DIRECTIONS FOR THIS TASK |
Exact copy, no pictures: return only the lines below from the line with "Abstract beautiful woman." up to and including the line with "Stunning brown wide".

RECORDS SHOWN Start Marker

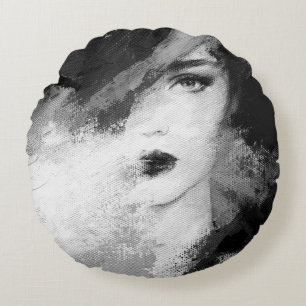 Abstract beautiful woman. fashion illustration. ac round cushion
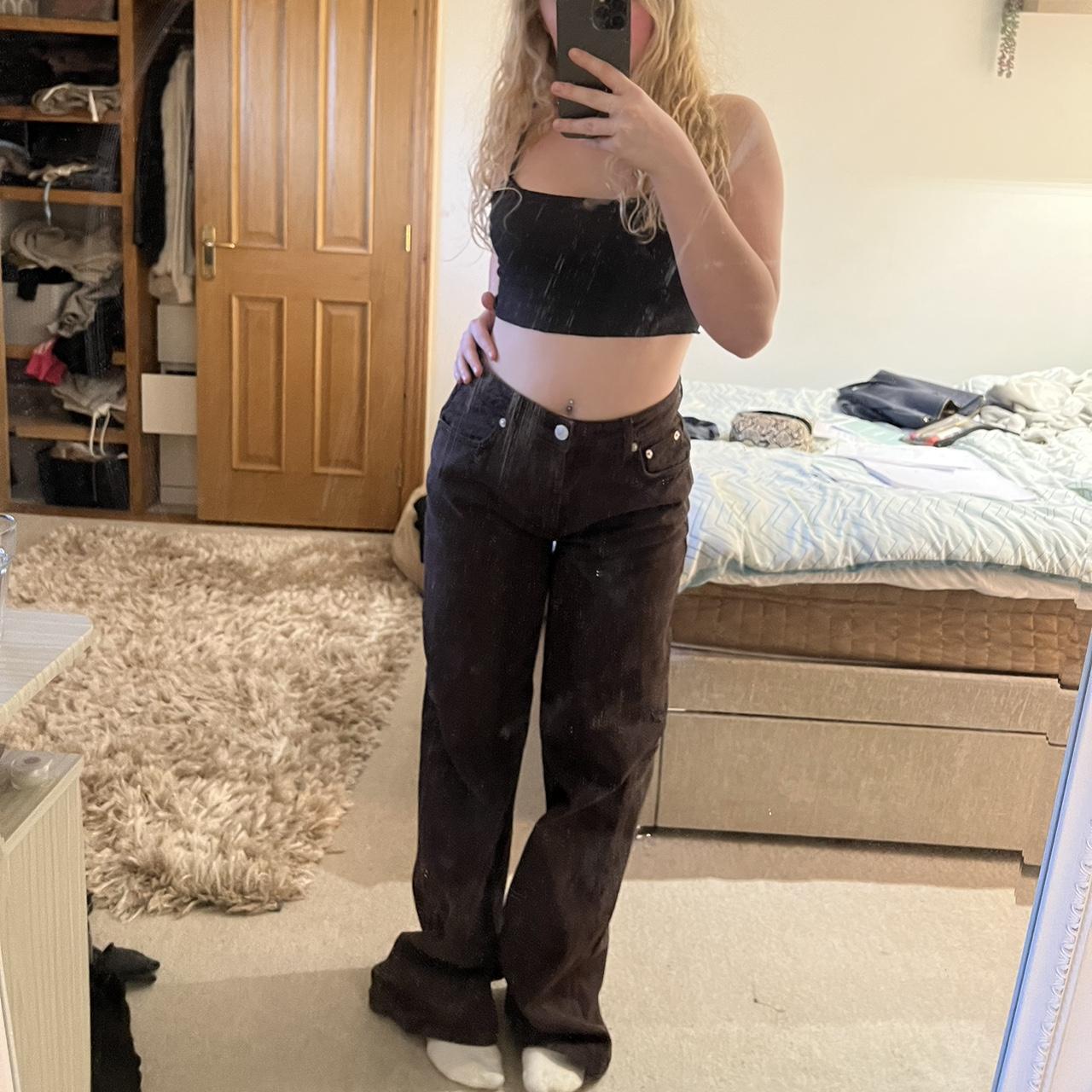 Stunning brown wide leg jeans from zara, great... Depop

RECORDS SHOWN End Marker
RECORDS SHOWN Start Marker

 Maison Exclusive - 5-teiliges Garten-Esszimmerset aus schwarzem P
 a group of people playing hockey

RECORDS SHOWN End Marker
RECORDS SHOWN Start Marker

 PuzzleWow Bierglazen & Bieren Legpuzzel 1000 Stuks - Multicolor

RECORDS SHOWN End Marker

TASK SOLUTION |
 Abstract beautiful woman. fashion illustration. ac round cushion
 Stunning brown wide leg jeans from zara, great... Depop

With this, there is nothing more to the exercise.